* [Xenomai] RFC: slow tsc optimization
@ 2012-09-06 7:24 Gilles Chanteperdrix
2012-09-07 11:29 ` Gilles Chanteperdrix
0 siblings, 1 reply; 3+ messages in thread
From: Gilles Chanteperdrix @ 2012-09-06 7:24 UTC (permalink / raw)
To: Xenomai
Hi,
The last few days, I have been working on getting the "rdtsc"
instruction replaced with a call to a tsc emulation function dynamically
at run time. It turned out to be easy with the Linux "alternative"
mechanism, since it implements replacements based on CPU capabilities,
and the TSC is such a capability. This modification allows to compile a
kernel with Xenomai that will run on any x86_32 platform.
Now, when running kernels without tsc using the PIT based tsc emulation,
I found out something pretty obvious, this PIT based tsc emulation is
slow, it takes 4us every time we call it.
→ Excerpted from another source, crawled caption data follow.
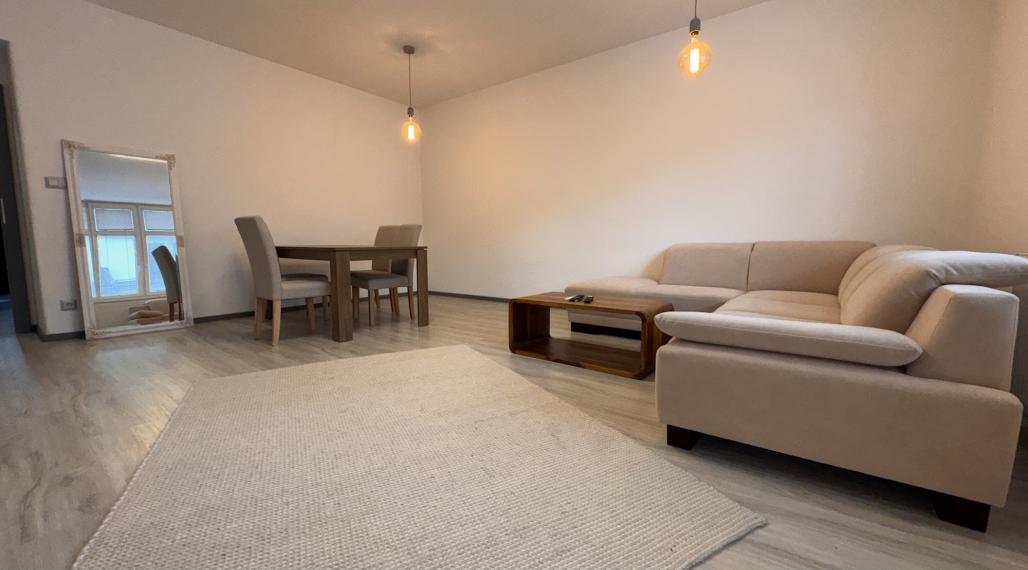 Na prenájom kompletne zrekonštruovaný byt 2+1 , Žilina - Širšie centrum (70m2)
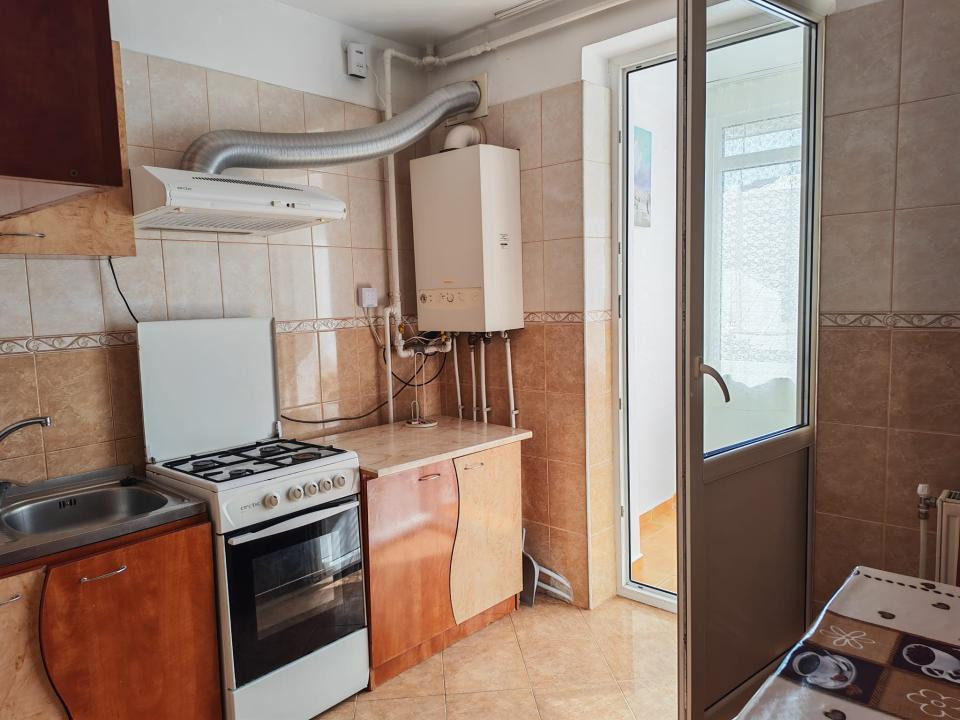 Aprtament 2 camere decomandate et. 1 str Cremenea 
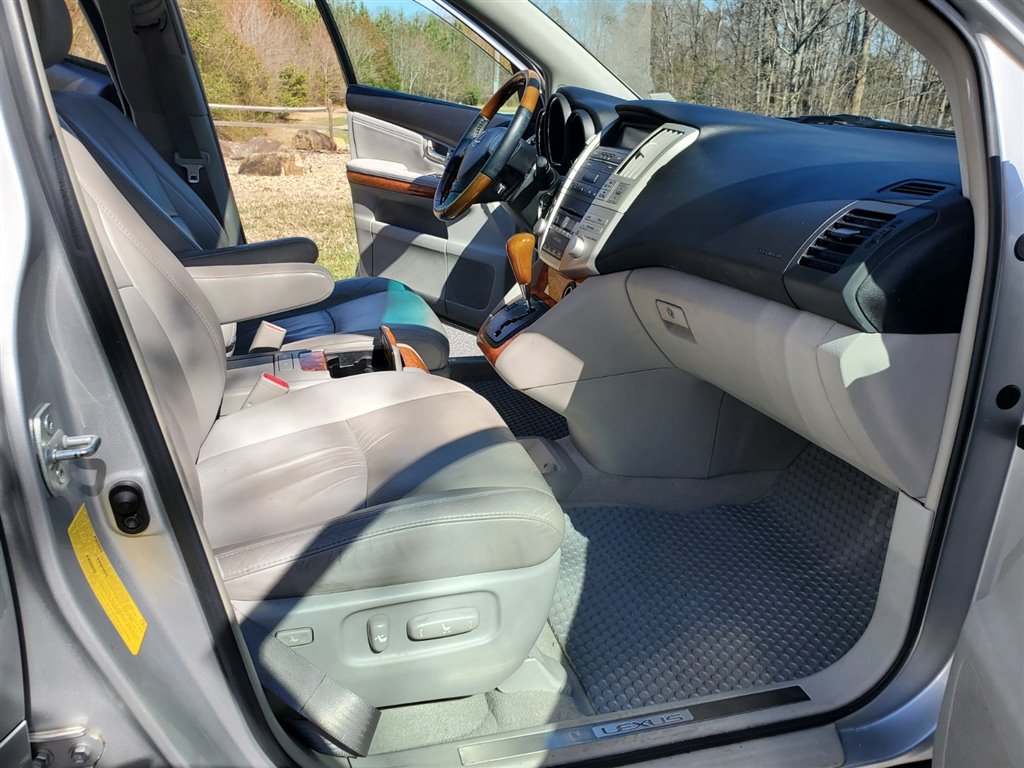 LexusRX 350 FWD **SOLD**11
And the nucleus reads the tsc
a number of times when a timer interrupt happens up to the wake up of
the latency user-space task:
- at the very beginning of the timer interrupt
- after the execution of the latency thread timer
- in the timer programming function, to compute the timer delay
- in the middle of the context switch, if the "statistics collection"
feature is enabled
- in the xnpod_wait_thread_periodic function, after the context switch,
in order to compute the number of timer overruns.
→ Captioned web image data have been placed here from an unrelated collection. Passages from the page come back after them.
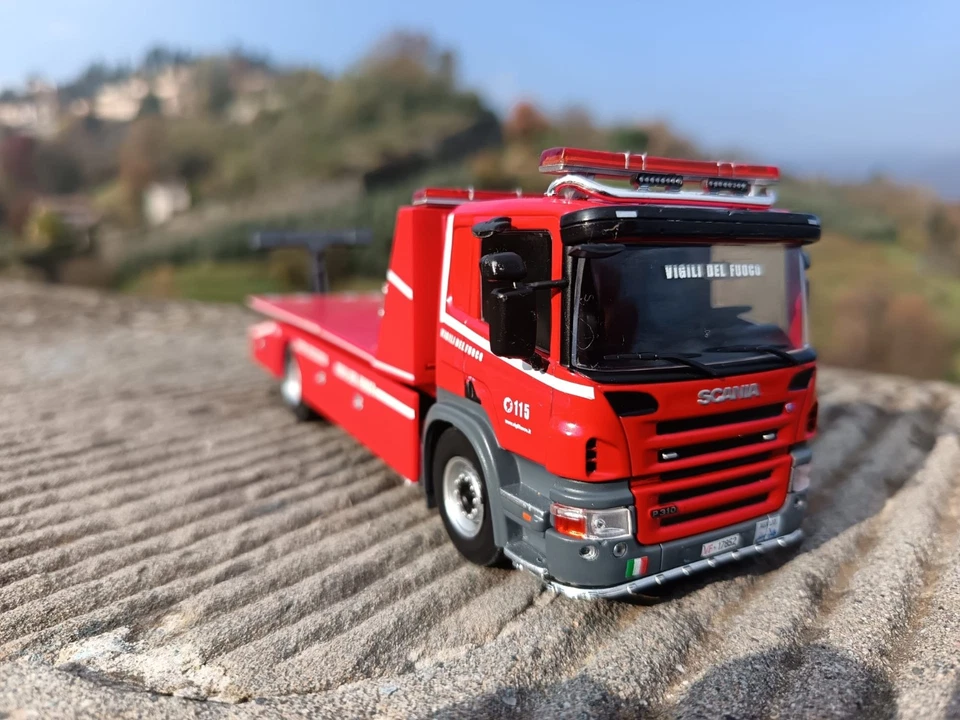 VIGILI DEL FUOCO Camion Scania P320 Carro Soccorso Die Cast Model 1/43 - Immagine 4 di 4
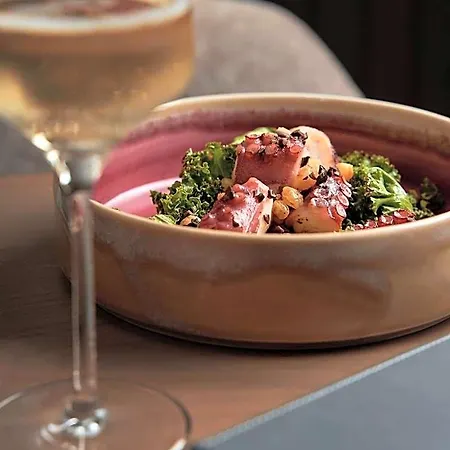 Calvary & Restaurant 酒店 3*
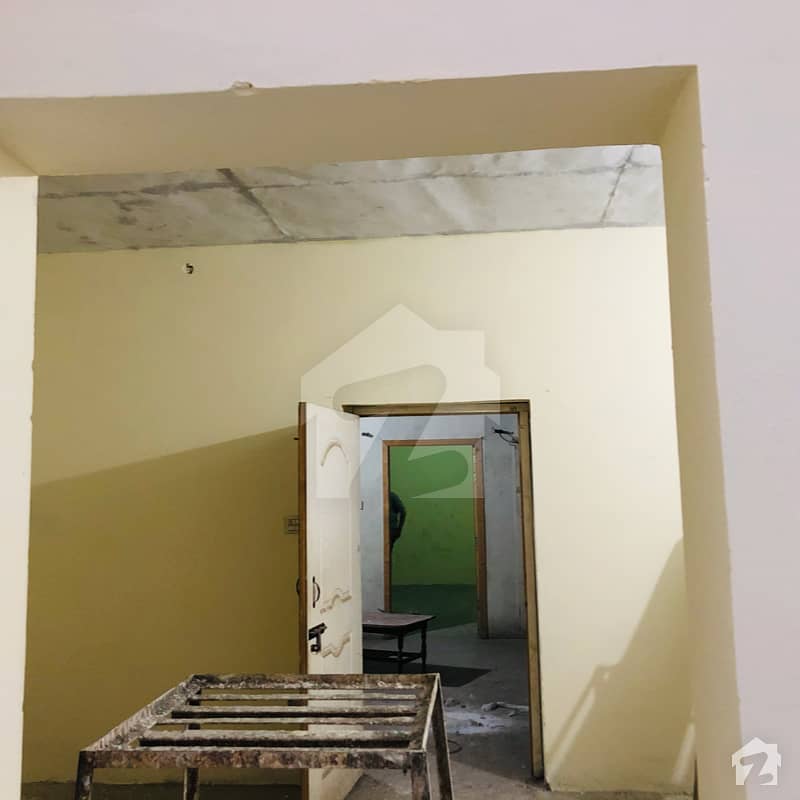 جڑانوالہ روڈ فیصل آباد میں 2 کمروں کا 4 مرلہ مکان 8 ہزار میں کرایہ پر دستیاب ہے۔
That is 20us, and the thread is not yet running in user-space.
So, I have been thinking about reducing the number of calls to the PIT,
unfortunately keeping the last tsc value around and reusing it is a bit
heavy, and implies modifications which are completely useless for the
non PIT case (which should be the vast majority), and in fact, the tsc
emulation code has to keep the last read value, since it is required to
convert clocksources with less than 64 bits to a 64 bits value. So, I
propose the following approach:
The I-pipe core will provide two tsc reading functions:
ipipe_read_tsc which reads the counter
ipipe_read_tsc_fast which will read the tsc if the cpu has a tsc, or
return the last value read if the tsc is emulated.
This would result in lighter modifications of the nucleus.
Or is treating this problem in fact useless because nobody uses xenomai
without a tsc?
Regards.
--
Gilles.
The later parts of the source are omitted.